By implementing a LGCM approach, we were able to increase the explained variance in cognitive plasticity. We were further able to show that the initial training performance and cognitive plasticity are independent and mediated differently by age and by individual differences in cognitive performance. This result indicates that the individual analysis of plasticity should begin at the training performance, and not only focus on the difference in performance between pretest and posttest. With the sole analysis of pretest and posttest performances, important information is neglected.

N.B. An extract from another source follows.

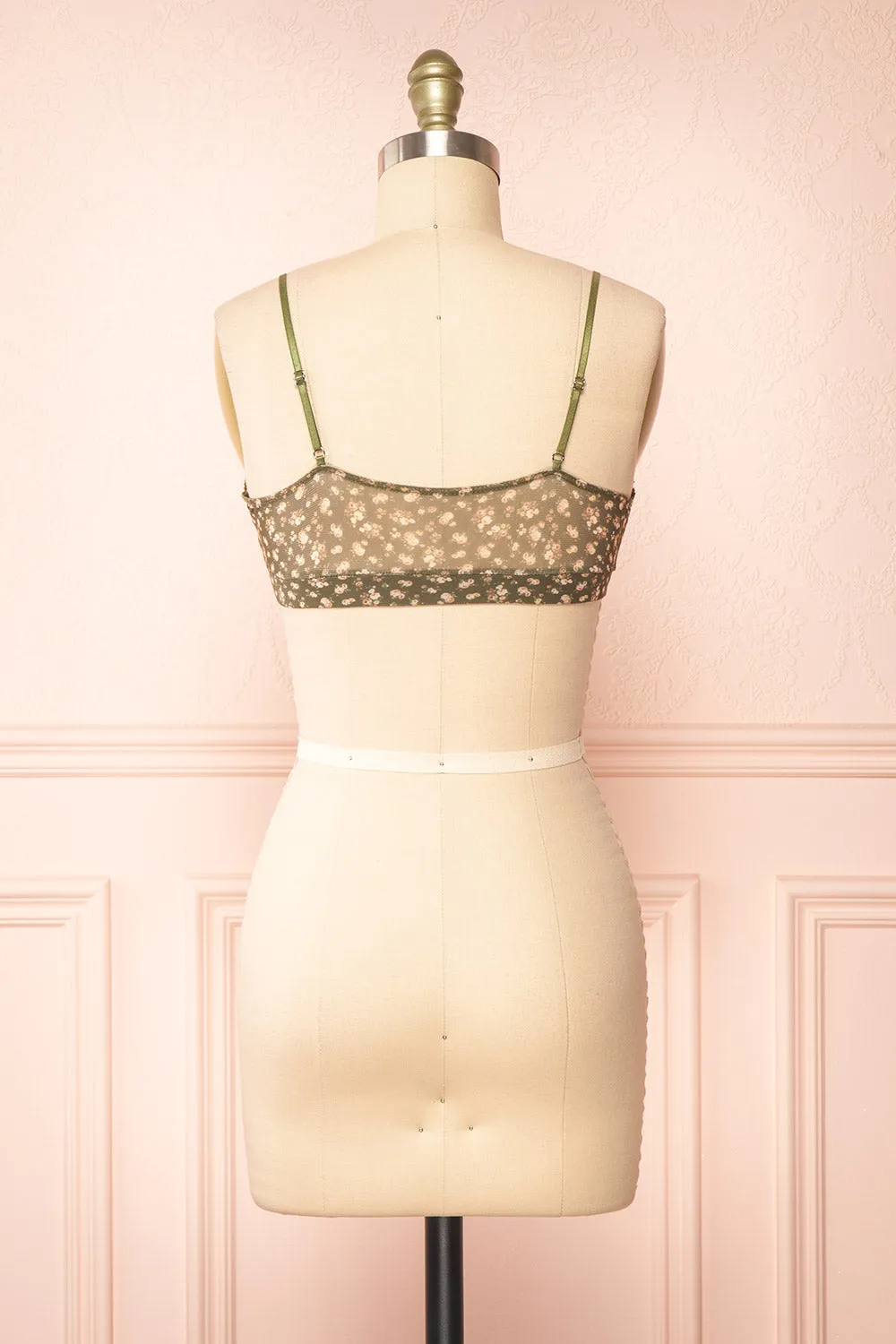 Distyle Green | Floral Mesh Bralette w/ Lace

LGCM analysis is not without limits, in particular with regard to its application in training research. It requires a large sample size which is frequently difficult to obtain in training studies. The sample size in the present study was rather small for an application of LGCM analysis, in particular for the assessment of the measurement invariance across groups. However, the model fit indexes for the WM training were acceptable so that the analysis was tenable. Furthermore, we were not able to model a growth shape other than a linear slope function. It may be meaningful to model in addition an asymptotic growth shape for instance, since the univariate analysis of training performance revealed an asymptotic-like performance limit.

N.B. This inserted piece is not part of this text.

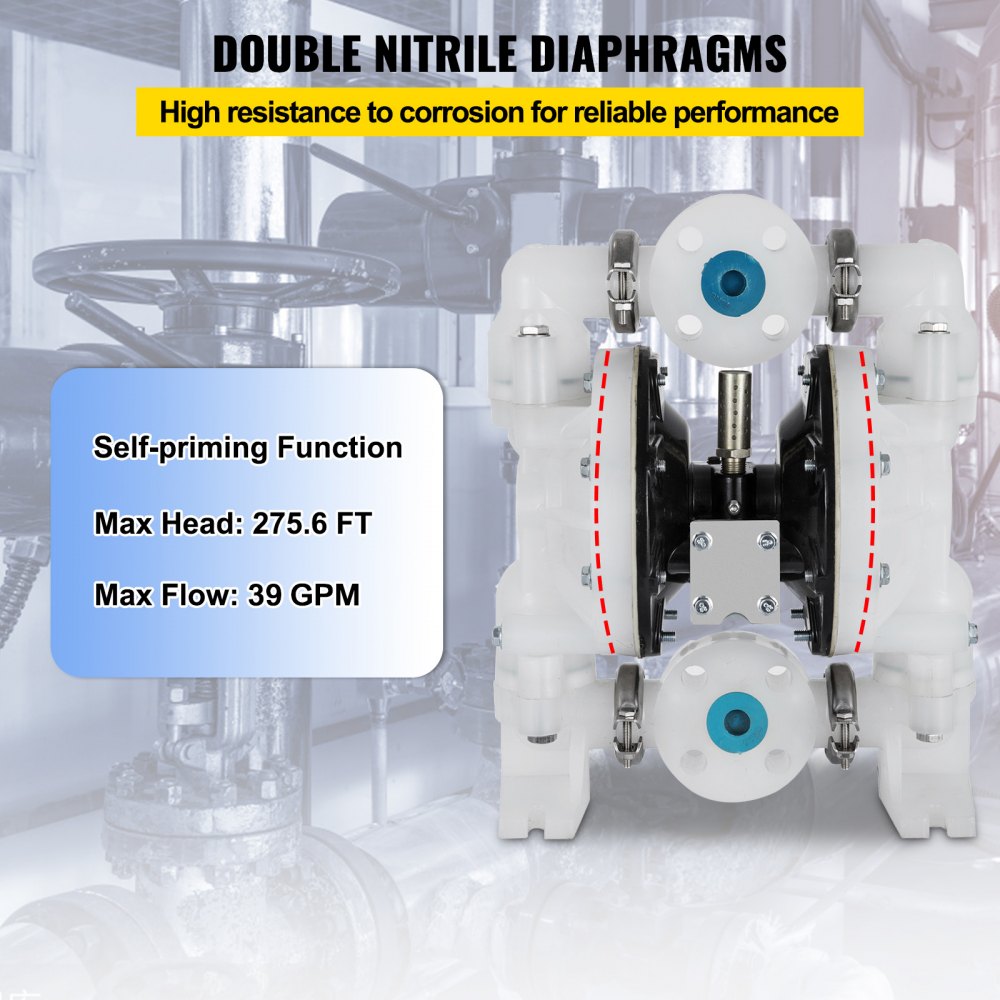 QBY4-25PP - 1" Air-Operated Diaphragm Pump, 30GPM, Polypropylene Body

In sum, a substantial part of the variance in training performance remained unexplained, suggesting that other variables may account for individual differences in cognitive plasticity. We propose to include further predictors into a LGCM analysis such as social aspects, metacognitive self-regulation or motivation which were recently proposed as powerful tools to foster successful training (Borella et al. 2010; Hertzog and Dunlosky 2012; McDaniel and Bugg 2012; Redick et al. 2013). The inclusion of a broader range of possible predictors will provide further insights into individual differences in cognitive plasticity and allow designing individually adjusted training programs.

As recently stated, there is currently little evidence that memory interventions (…) are relevant to the ultimate goal of training, which is to support older adults to remain independent longer by reducing, remediating, or reversing functional impairments (Zelinski 2012). We believe that research which focuses on the analysis of individual differences in cognitive plasticity represents a significant cornerstone on the way to reach this ultimate goal of training.